Dış politikada oyun kurucu olduk da dün şeytanlaştırdığımızın ayağına neden gittiğimizi de anlayamadık.
1999 yılında dünyanın en büyük deprem yıkımlarından birini yaşamış bir ülkede tarım arazilerinde bile bina yapılmasına ve inanılmaz paralar kazanılmasına rağmen 24 yıl sonra yine aynı yıkımı yaşamayı anlayamadığımız gibi.
Ya da SpaceX tarafından yerli ve milli uydumuzu dünya çeperine gönderdik diye gururlanacakken uluslararası haber ajanslarına Afrika ülkesi Kenya'nın uzaya uydu fırlattığının duyurulmasıyla hissettiğimiz burukluk hali.
Çünkü sihir eşsiz olursa hayallere sürükler zihni.

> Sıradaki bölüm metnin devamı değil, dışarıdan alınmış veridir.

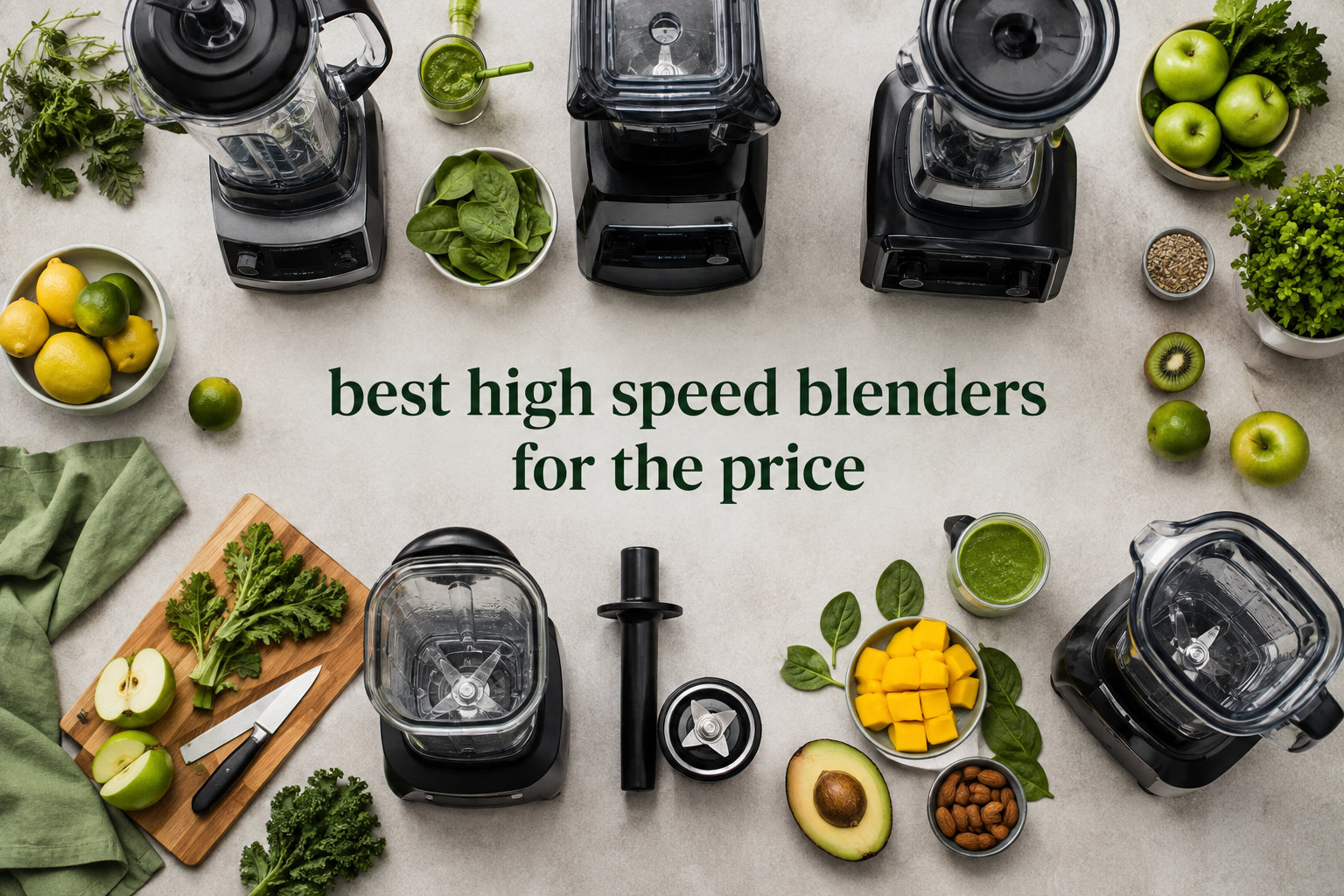 best high speed blenders for the price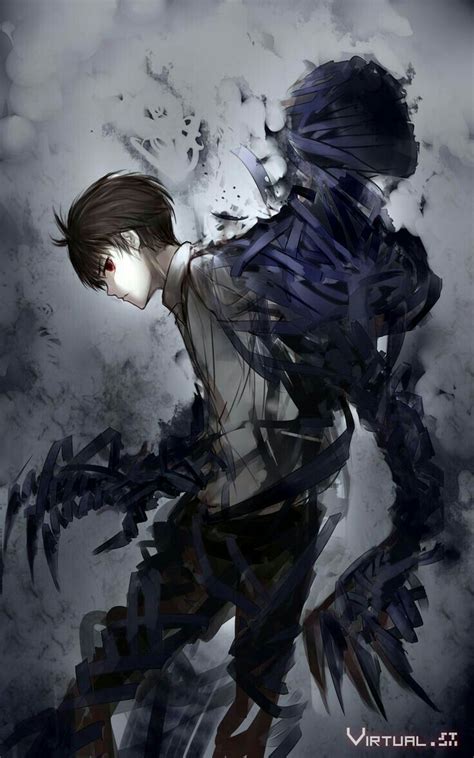 Watch short videos about #anime_boys on tiktok. Anime boy, darkness, shadows, bandages, mummy, monster ...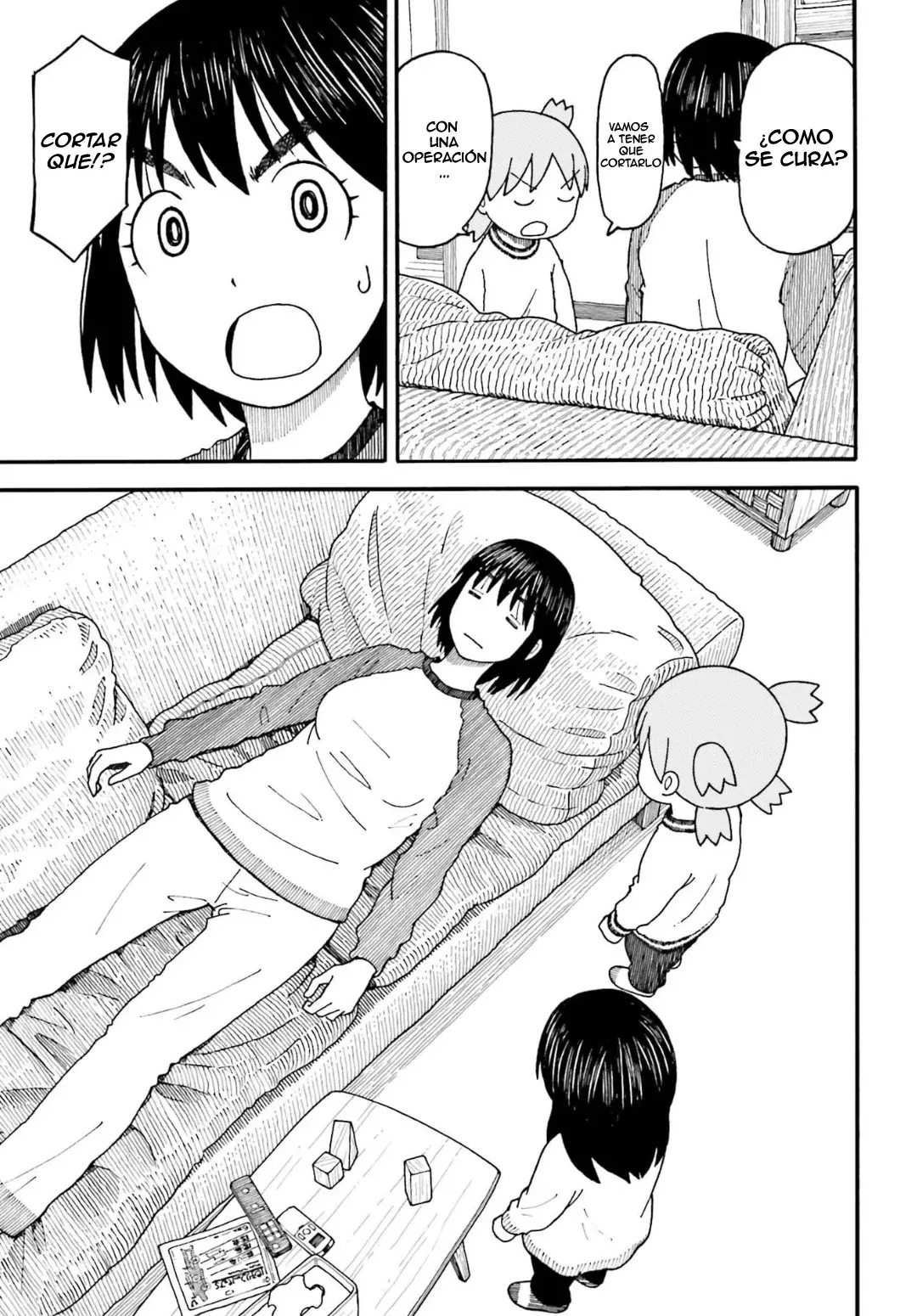 Read Yotsuba to! es Manga Online
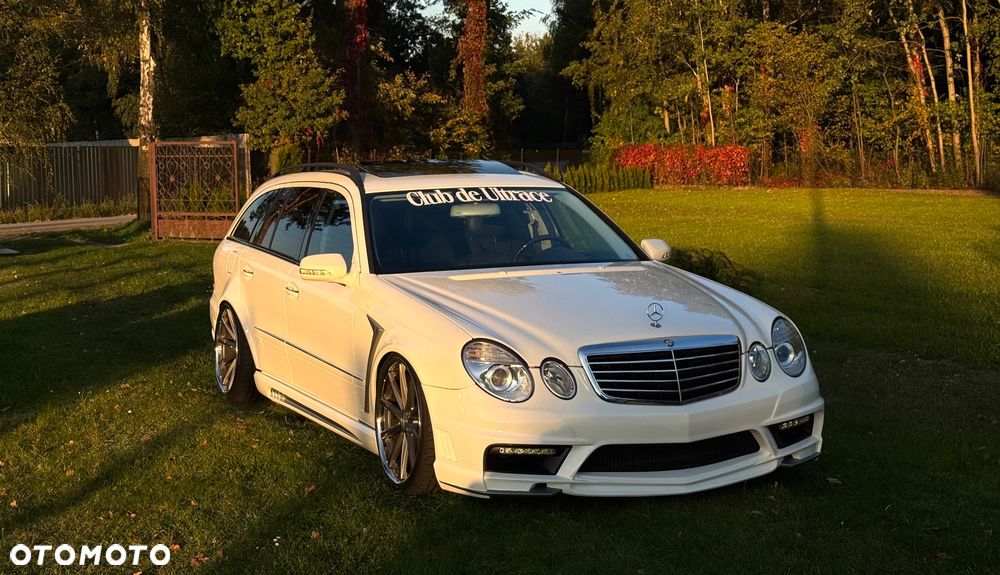 Mercedes-Benz Klasa E 500 7G-TRONIC Avantgarde - 5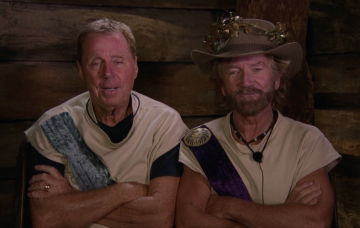 noel edmonds, harry redknapp, i'm a celebrity, itv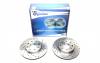 Тормозные диски 236mm с перфорацией и насечками Chevrolet Spark TA-TECHNIX EVOBS2883P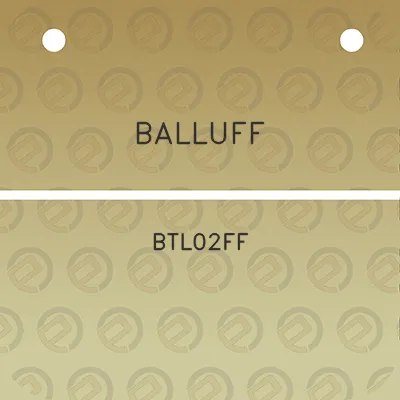 balluff-btl02ff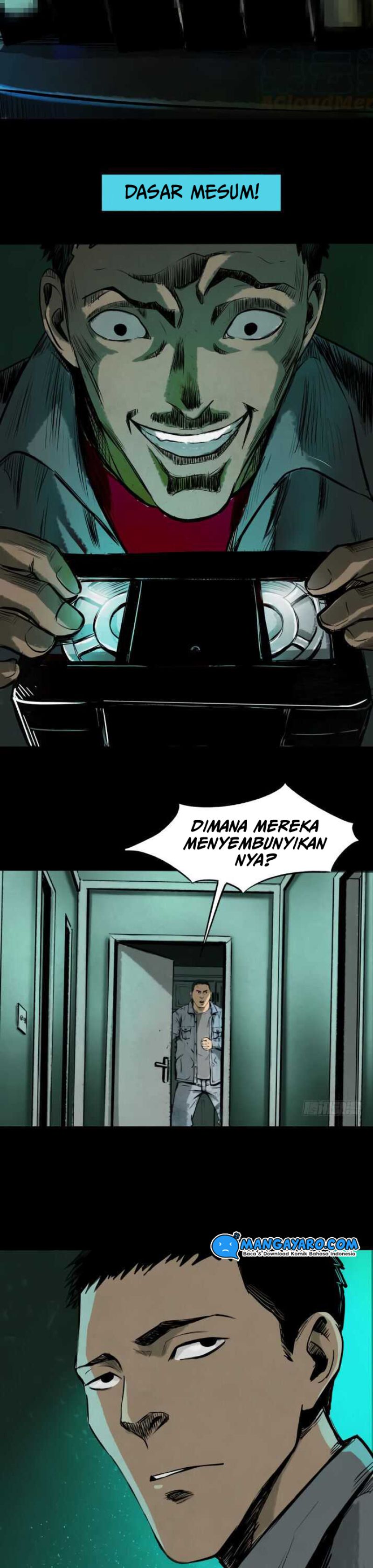 Crime-Digging Brother Chapter 08 Gambar 18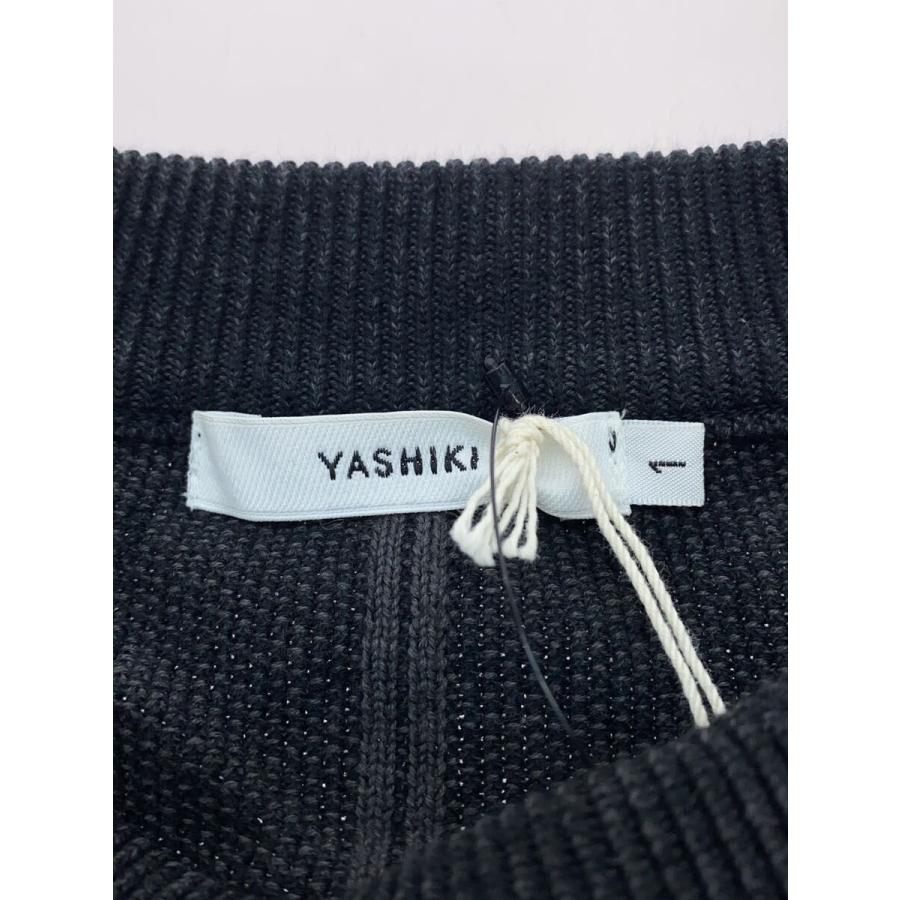 YASHIKI◇25ss/Seihaku Knit/ニット・セーター/1/コットン/GRY/YSK 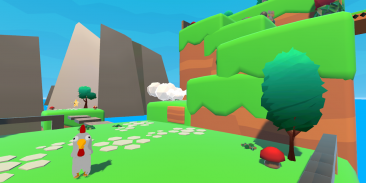 Super Royale Land - 3D Adventure Platformer screenshot 0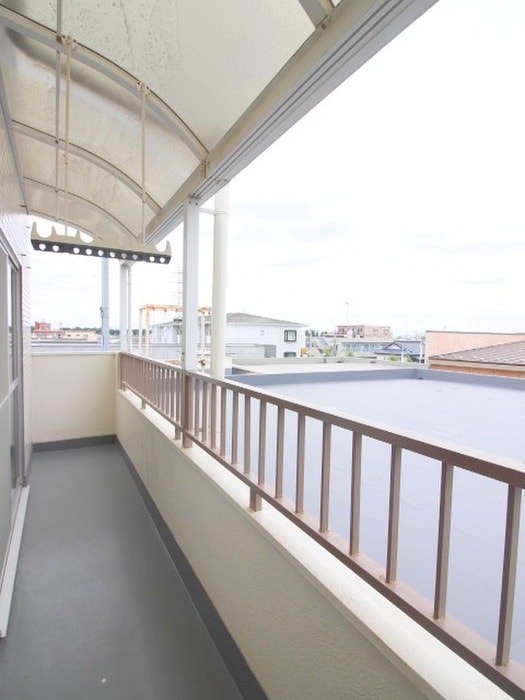 ベランダ・バルコニー ホワイトハイムみずほ台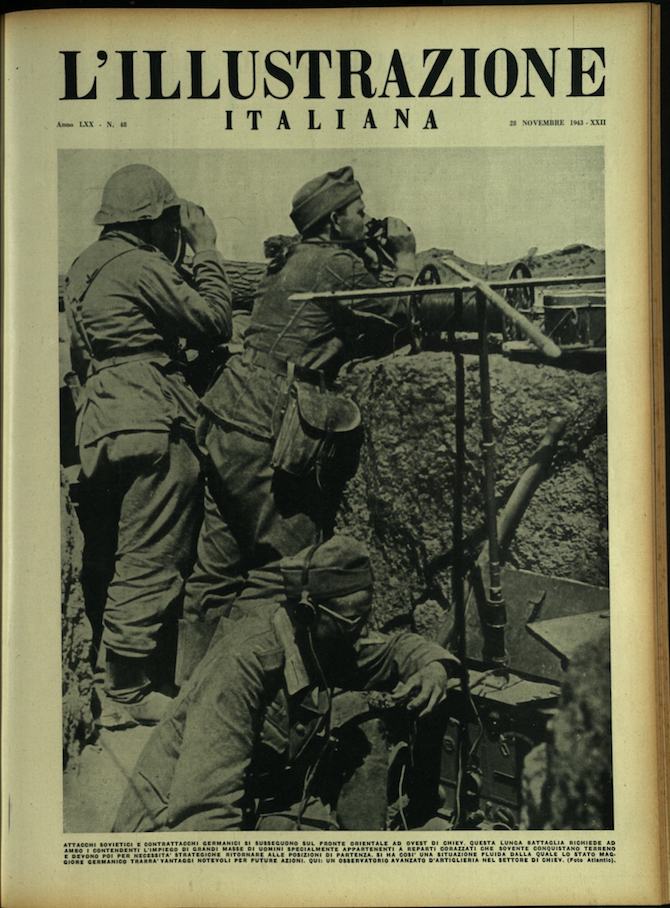 L'ILLUSTRAZIONE ITALIANA. 28 Novembre 1943. Anno 70 - N. 48.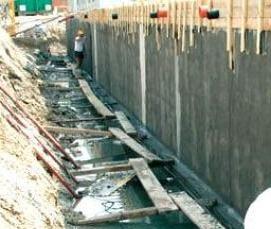 цементная гидроизоляция обмазочного типа - вариант 3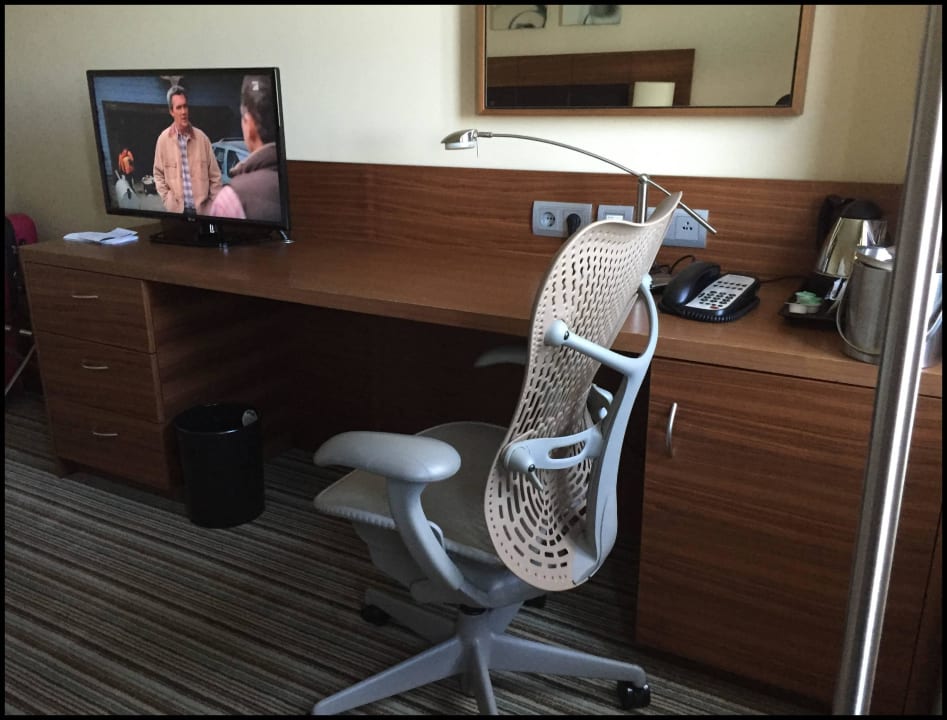 Schreibtisch Hilton Garden Inn Frankfurt Airport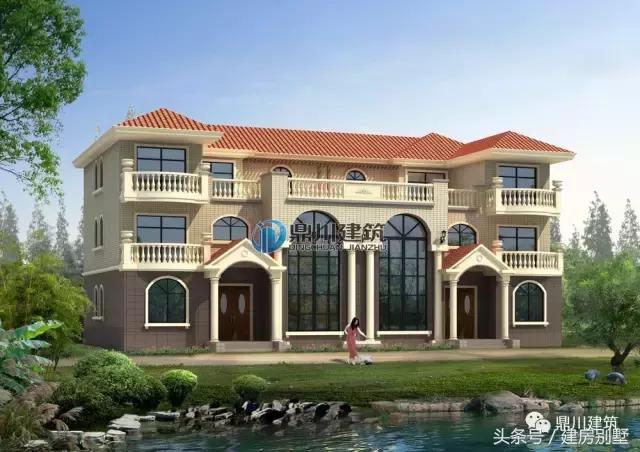 十款經(jīng)典真實建房的農(nóng)村別墅案例，都說比圖紙很高看多了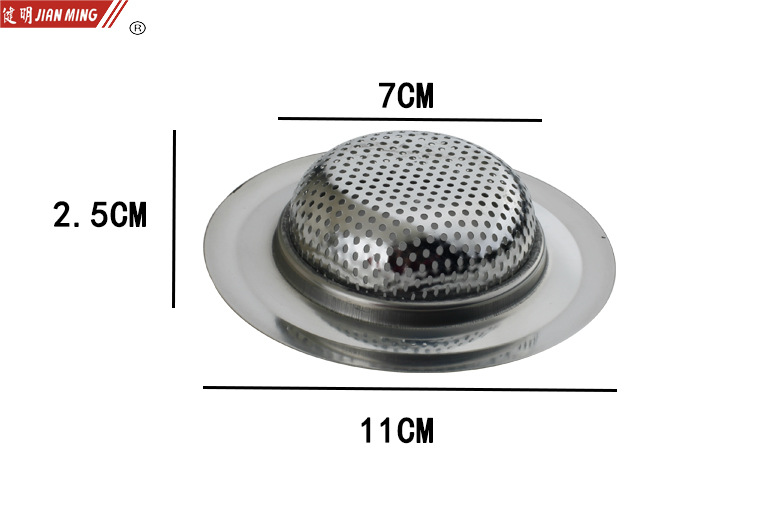 JM8048A stainless steel water filter and drainage screen, sink, floor drain filter screen, sink, drain basin and strainer screen pic 10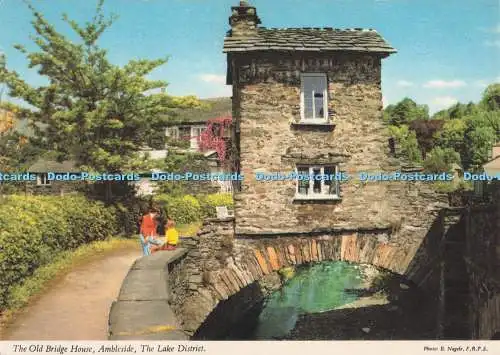 D281631 Ambleside The Lake District The Old Bridge House John Hinde Ltd E Nagele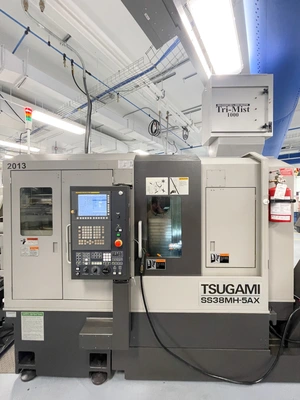 2019 TSUGAMI SS38MH-5AX Swiss Type Automatic Screw Machines | Elevation Machine (2)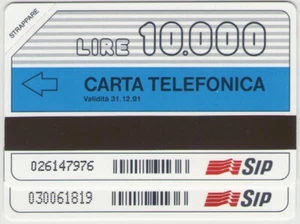 NUOVA VARIANTE MAGN G. e AG 38 C&C 1137 FASCIA 12.91 MAN DA 10.000 £ ocr piccolo - Foto 1 di 1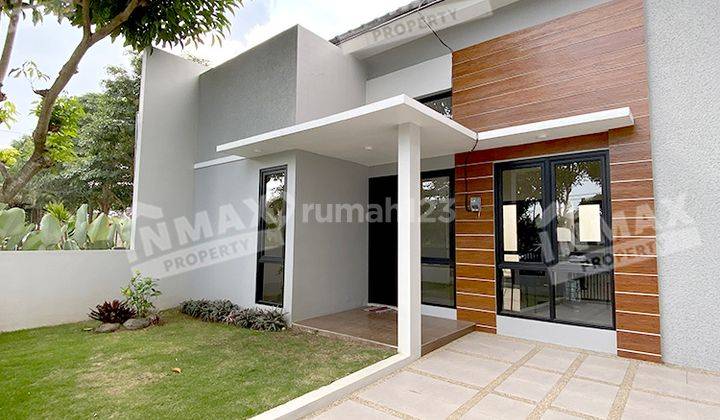 Rumah Baru Minimalis Modern Lokasi Di Permata Royal Garden Pakis, Malang 2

İllüzyon böyle bir şey gerçi, anlık zevklerden oluşuyor ve gerçeklerden koparıyor insanı.
Sermet Erkin'in gösterisini izlerken yerli ve milli bulgur ile yoğurda talim ediyorduk son illüzyonistlerin anlattığına göre.
Şimdi yine bulgur yiyoruz ama tereyağsız ve soğansız.
Zira tereyağının kilogramı 250, soğanın 30 liraya ulaştı.
Yoğurdu ise hiç sormayın, sihirle sofradan kayboldu...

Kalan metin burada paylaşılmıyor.